The rule changes also provide that classified evidence can be withheld from the accused unless doing so would deny him a “full and fair trial.” While Human Rights Watch welcomed the Pentagon’s recognition that access to evidence is necessary for a fair trial, the Pentagon will still remain the arbiter of that evidence. This change may mean little so long as there is no judicial review of the proceedings by a civilian court. U.S. courts martial, unlike the commissions, are reviewed by a civilian appeals court. Revelations of torture and other mistreatment by U.S. personnel at Guantánamo Bay and other detention facilities outside the United States heightens concerns over the use of evidence withheld from the accused. Human Rights Watch believes the rule changes were aimed to deflect criticism of the commissions without addressing the commissions’ most fundamental problems. 

It is unclear how many cases will proceed to full trials before the commissions. The lopsided rules plus the threat of capital punishment may compel many of those accused to accept plea agreements, even if harsh.

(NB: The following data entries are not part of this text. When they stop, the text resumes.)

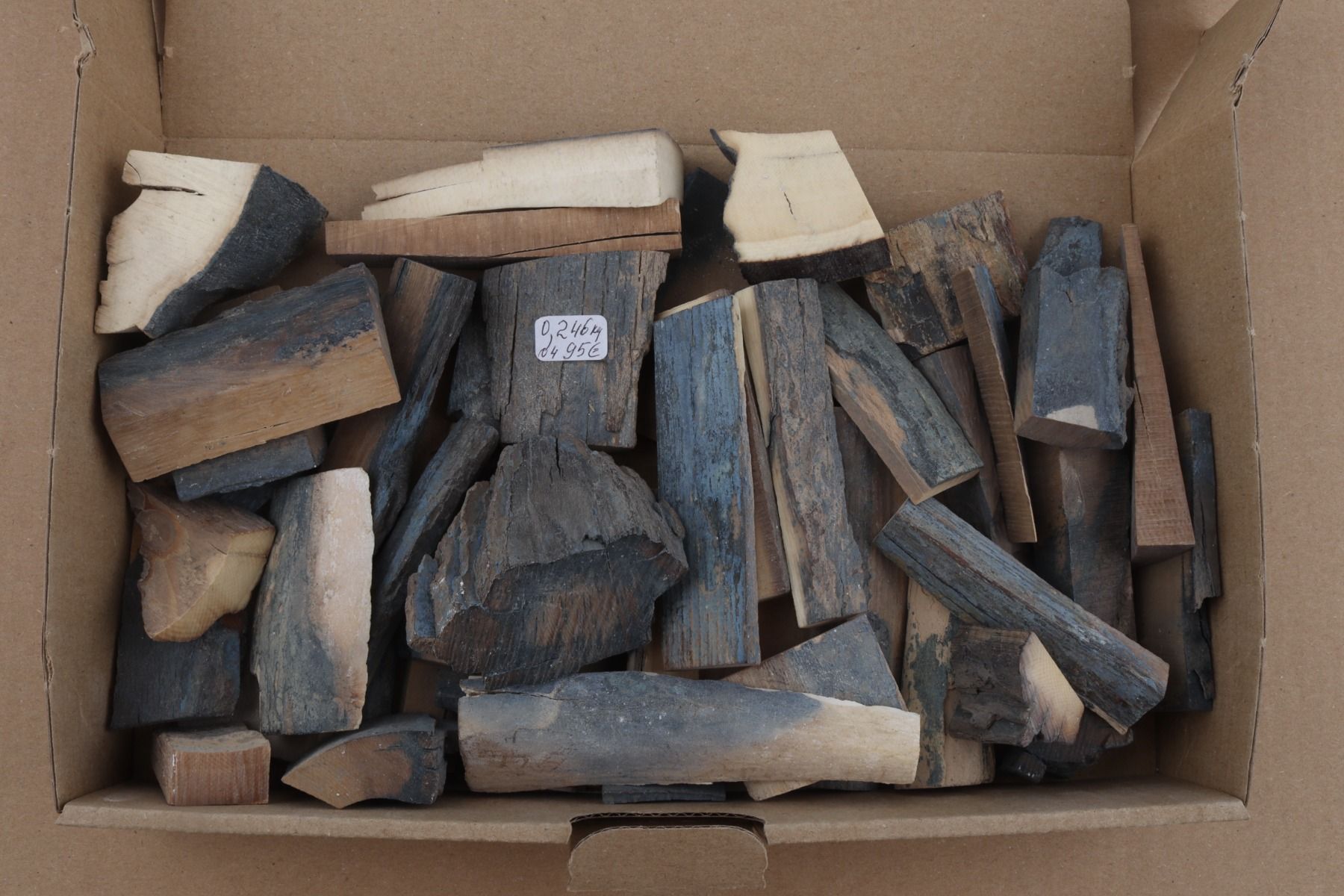 Untreated mammoth ivory offcuts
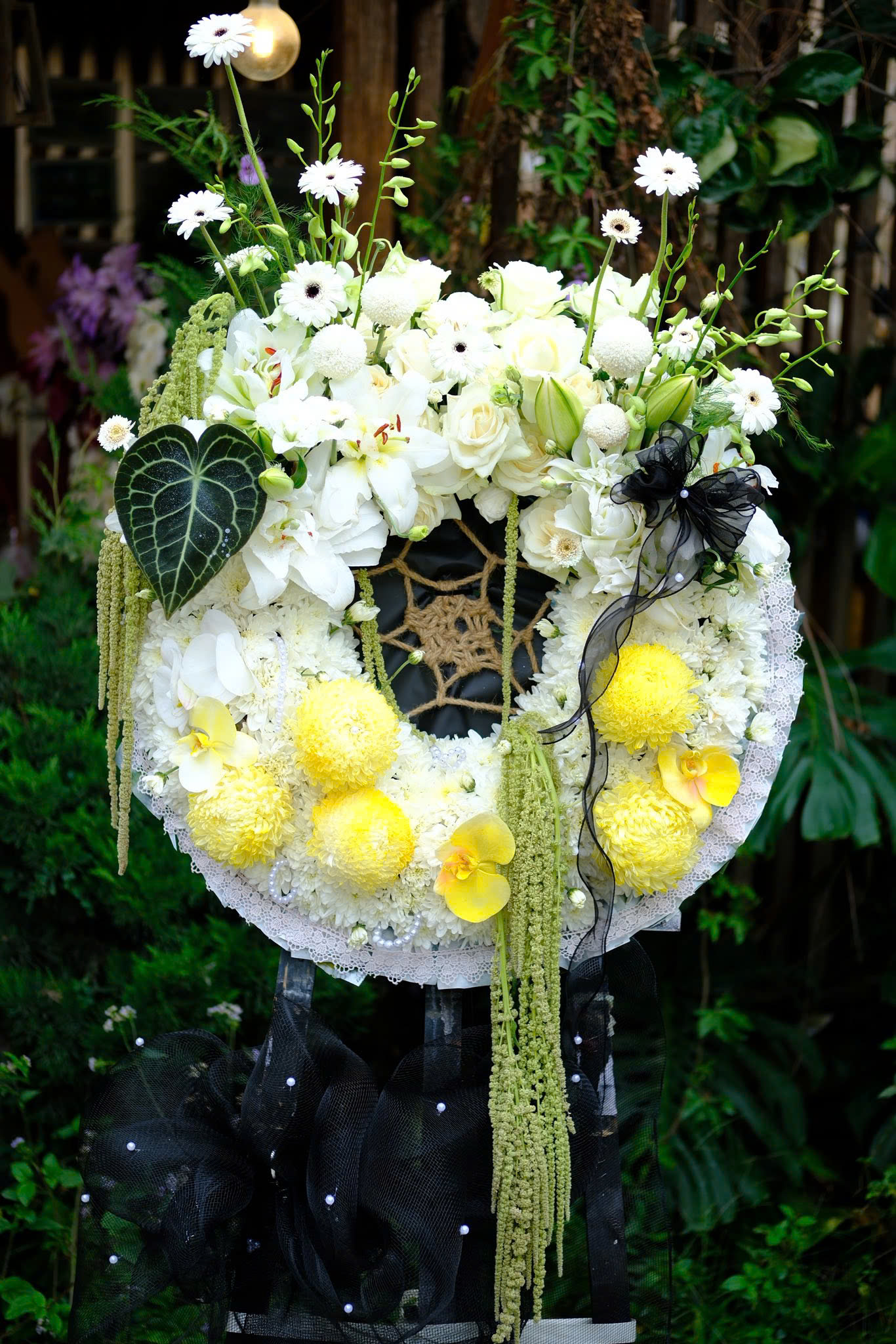 KỆ HOA CHIA BUỒN ARILO - CB14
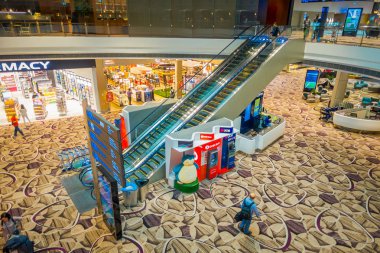 Singapore, Singapur - 30 Ocak. 2018: Singapur Changi Uluslararası Havalimanı'nda yürüyen kullanan kimliği belirsiz kişiler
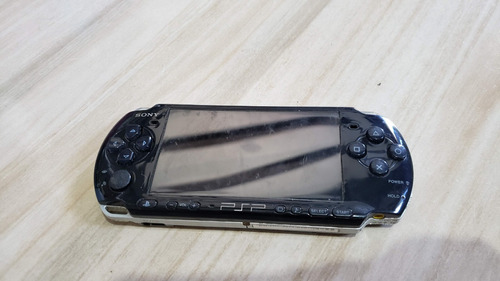 Psp 3001 Slim Só O Aparelho Sem Nada E Só O Botão L Que Não Funcionou!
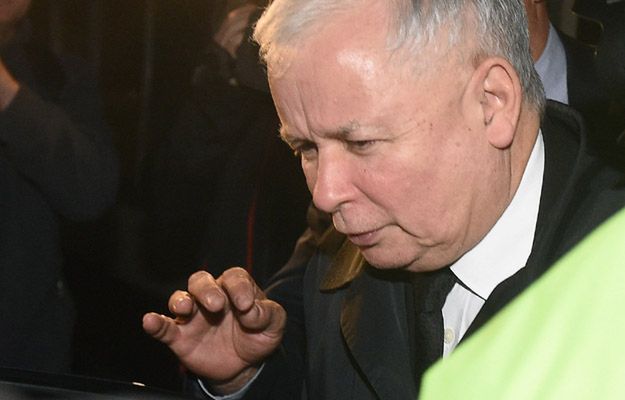 Jarosław Kaczyński odjechał z Nowogrodzkiej bez słowa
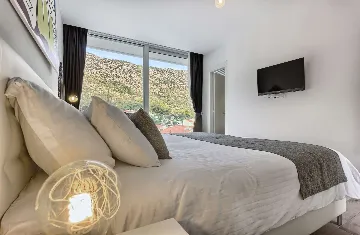 Zaton Mali Modern Villa with Pool, Sleeps 12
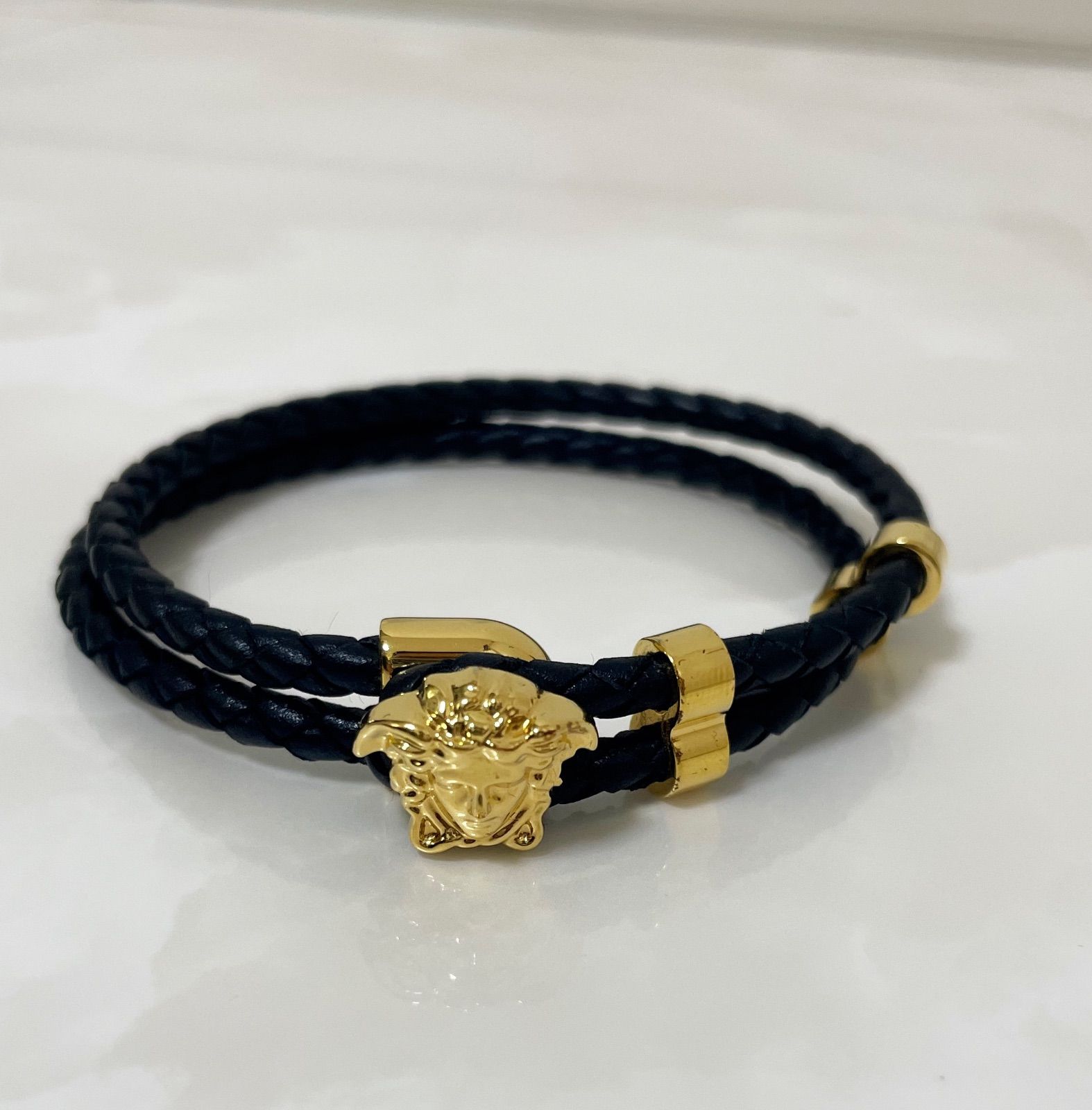 公式ショップ VERSACE ヴェルサーチ ブレスレット メデューサ シルバー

Others may be convicted on the basis of evidence withheld from the defendant.  This will permit prosecutors to declare victory, but the broader public will be deprived of an important opportunity to assess guilt or innocence, and fill an important historical record.



[1] Human Rights Watch has long be concerned about the treatment at Guantanamo of the Canadian, Omar Ahmed Khadr, who was fifteen-years old at the time of his arrest but has not been treated as a child by U.S. authorities as is required under international law. 

[2] Since President Bush issued Military Order of November 13, 2001 authorizing military commissions, the Department of Defense has released several instructions setting out the applicable law and procedure: Military Commission Order No. 1 (MCO No. 1), issued March 21, 2002; a draft set of crimes and elements released on February 28, 2003 for public comment; a set of nine Military Commission Instructions (MCIs) released on April 30, 2003 and subsequently, several of which were later revised; and Military Commission Order No. 3 (MCO No. 3), issued February 5, 2004.

[3] Military Commission Order (MCO), No. 1 (revised August 31, 2005).

[4] Human Right Watch, “U.S.: Guantanamo Tribunal Lacks Basic Knowledge of Law,” press release, November 5, 2004.